By: Creating Future Us
June 30, 2020
Last week we wrote about Mark Zuckerberg’s intransigence with respect to arbitration (i.e. policing ads and content) on Facebook and the lack of proper governance at Facebook. We hope we contributed to the resulting boycott that has been gathering impressive pace since Friday.
We appreciate how Unilever explained its weighty decision: “The complexities of the current cultural landscape have placed a renewed responsibility on brands to learn, respond and act to drive a trusted and safe digital ecosystem.” They exemplify the Digital Age ESG conscious company we wrote about in Governance Rebooted: focussed on a fine-tuned awareness of the multi-stakeholder age it swims in, and accordingly, the power it wields.

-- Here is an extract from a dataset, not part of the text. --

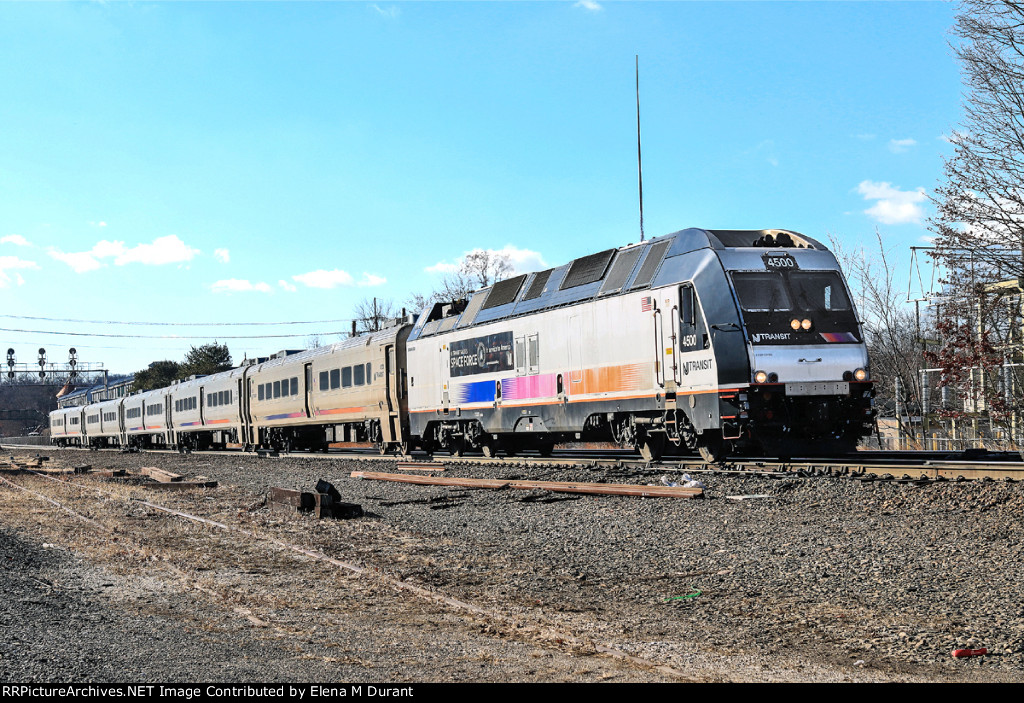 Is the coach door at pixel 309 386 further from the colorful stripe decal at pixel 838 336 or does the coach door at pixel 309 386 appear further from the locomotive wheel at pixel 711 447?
the colorful stripe decal at pixel 838 336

Let’s talk about the effects of this move on Facebook – a platform that makes c.98% of its $70bn in annual revenue from advertising – and its investors:
- By the end of last week, advertisers accounting for $245m of revenue for Facebook had pledged to boycott the firm – more, like Starbucks and Coca Cola are pausing ads even though they have not yet ‘officially’ joined the boycott
- Facebook’s stock tumbled 14+% between June 23rd-29th wiping c.$75Bn off its market cap
- Zuck had to row back (albeit tepidly) on his hereto strong stance against policing content – within an hour of Unilever making its announcement
- The incredible speed with which this coalesced: “Three weeks ago, this was a barely-hatched idea,” the pressure group [#stophateforprofit] said. “Now, 150 plus companies have decided to stop advertising spending on Facebook for at least a month and British royalty is helping make it happen ”

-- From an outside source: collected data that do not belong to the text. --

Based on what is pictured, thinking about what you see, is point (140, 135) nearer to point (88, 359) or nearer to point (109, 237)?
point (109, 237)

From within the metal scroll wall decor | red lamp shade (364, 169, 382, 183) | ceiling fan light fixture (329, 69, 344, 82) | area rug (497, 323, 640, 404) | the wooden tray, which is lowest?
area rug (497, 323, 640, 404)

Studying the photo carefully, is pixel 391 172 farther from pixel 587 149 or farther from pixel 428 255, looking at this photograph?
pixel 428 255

- This kind of content moderation is going to have a not insignificant cost impact on Facebook’s bottom line
This is also a perfect example of how markets are imposing penalties, long before regulators catch up. More importantly, it’s a clarion call for other tech companies – and all companies in reality – even ones that don’t necessarily depend on advertising-driven business models. The world is watching and when stakeholders unite – sometimes overnight – the board of a business had better already be on the right (or at least highly defensible) side of a given issue. That requires dynamic scenario analysis and ears to the ground, not ivory tower decision making.